Hymen, in secret or overt guise, seemed to haunt Pierston just at this time with undignified mockery which savoured rather of Harlequin than of the torch-bearer. Two days after parting in a lone island from the girl he had so disinterestedly loved he met in Piccadilly his friend Somers, wonderfully spruced up, and hastening along with a preoccupied face.
‘My dear fellow,’ said Somers, ‘what do you think! I was charged not to tell you, but, hang it! I may just as well make a clean breast of it now as later.’
‘What — you are not going to...’ began Pierston, with divination.
‘Yes. What I said on impulse six months back I am about to carry out in cold blood. Nichola and I began in jest and ended in earnest. We are going to take one another next month for good and all.’
PART THIRD — A YOUNG MAN OF SIXTY
‘In me thou seest the glowing of such fire,
That on the ashes of his youth doth lie
As the death-bed whereon it must expire,
Consumed with that which it was nourished by.’
— W. SHAKESPEARE.
CHAPTER I.
SHE RETURNS FOR THE NEW SEASON
Twenty years had spread their films over the events which wound up with the reunion of the second Avice and her husband; and the hoary peninsula called an island looked just the same as before; though many who had formerly projected their daily shadows upon its unrelieved summer whiteness ceased now to disturb the colourless sunlight there.
The general change, nevertheless, was small. The silent ships came and went from the wharf, the chisels clinked in the quarries; file after file of whitey-brown horses, in strings of eight or ten, painfully dragged down the hill the square blocks of stone on the antediluvian wooden wheels just as usual. The lightship winked every night from the quicksands to the Beal Lantern, and the Beal Lantern glared through its eye-glass on the ship. The canine gnawing audible on the Pebble-bank had been repeated ever since at each tide, but the pebbles remained undevoured.
Men drank, smoked, and spat in the inns with only a little more adulteration in their refreshments and a trifle less dialect in their speech than of yore. But one figure had never been seen on the Channel rock in the interval, the form of Pierston the sculptor, whose first use of the chisel that rock had instigated.
He had lived abroad a great deal, and, in fact, at this very date he was staying at an hotel in Rome.
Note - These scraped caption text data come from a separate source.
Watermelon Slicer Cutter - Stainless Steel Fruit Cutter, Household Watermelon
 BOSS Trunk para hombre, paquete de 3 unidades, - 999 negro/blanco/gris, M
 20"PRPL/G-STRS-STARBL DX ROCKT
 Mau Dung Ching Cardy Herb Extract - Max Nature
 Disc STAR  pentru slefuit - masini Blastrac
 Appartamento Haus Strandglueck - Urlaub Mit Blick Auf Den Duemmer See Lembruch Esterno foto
Though he had not once set eyes on Avice since parting from her in the room with her firstborn, he had managed to obtain tidings of her from time to time during the interval. In this way Pierston learnt that, shortly after their resumption of a common life in her house, Ike had ill-used her, till fortunately, the business to which Jocelyn had assisted him chancing to prosper, he became immersed in its details, and allowed Avice to pursue her household courses without interference, initiating that kind of domestic reconciliation which is so calm and durable, having as its chief ingredient neither hate nor love, but an all-embracing indifference.
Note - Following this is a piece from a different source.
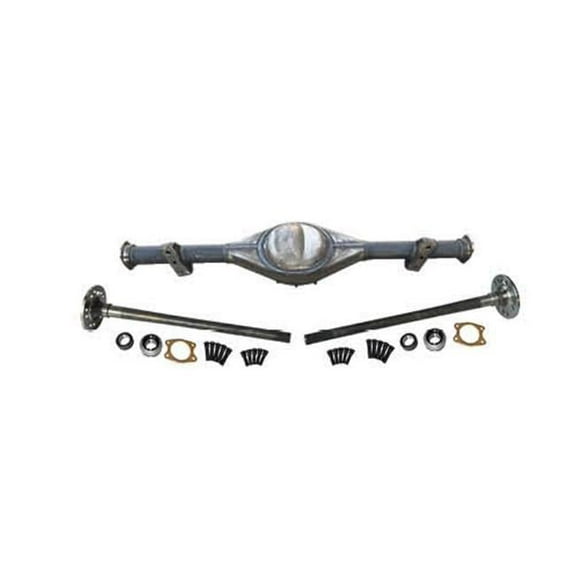 62.12 x 9 in. 6-Lug Rearend with 749 & 665 mm Axles for 1963-1970 Chevy C10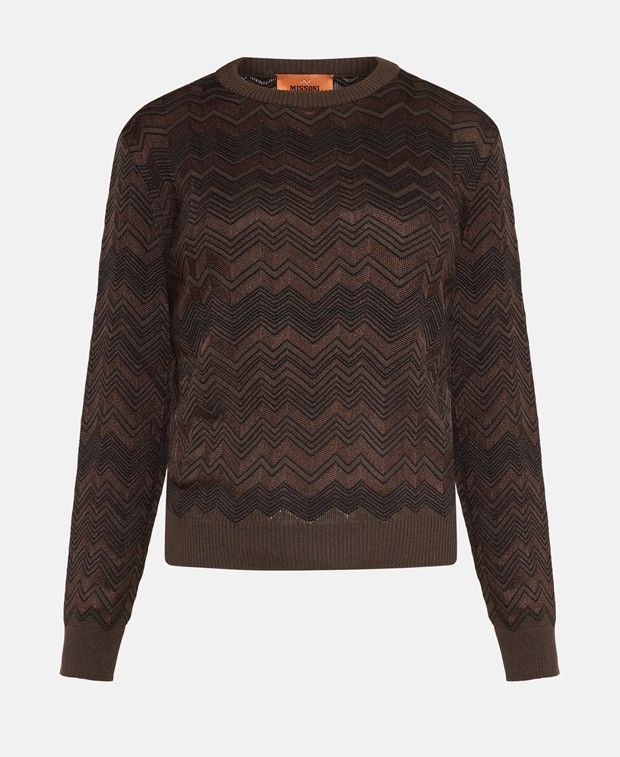 Missoni Long-sleeved jumper Size 4XL / US 24-26 - 1 Thumbnail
At first Pierston had sent her sums of money privately, fearing lest her husband should deny her material comforts; but he soon found, to his great relief, that such help was unnecessary, social ambition prompting Ike to set up as quite a gentleman-islander, and to allow Avice a scope for show which he would never have allowed in mere kindness.
Being in Rome, as aforesaid, Pierston returned one evening to his hotel to dine, after spending the afternoon among the busts in the long gallery of the Vatican. The unconscious habit, common to so many people, of tracing likes in unlikes had often led him to discern, or to fancy he discerned, in the Roman atmosphere, in its lights and shades, and particularly in its reflected or secondary lights, something resembling the atmosphere of his native promontory. Perhaps it was that in each case the eye was mostly resting on stone — that the quarries of ruins in the Eternal City reminded him of the quarries of maiden rock at home.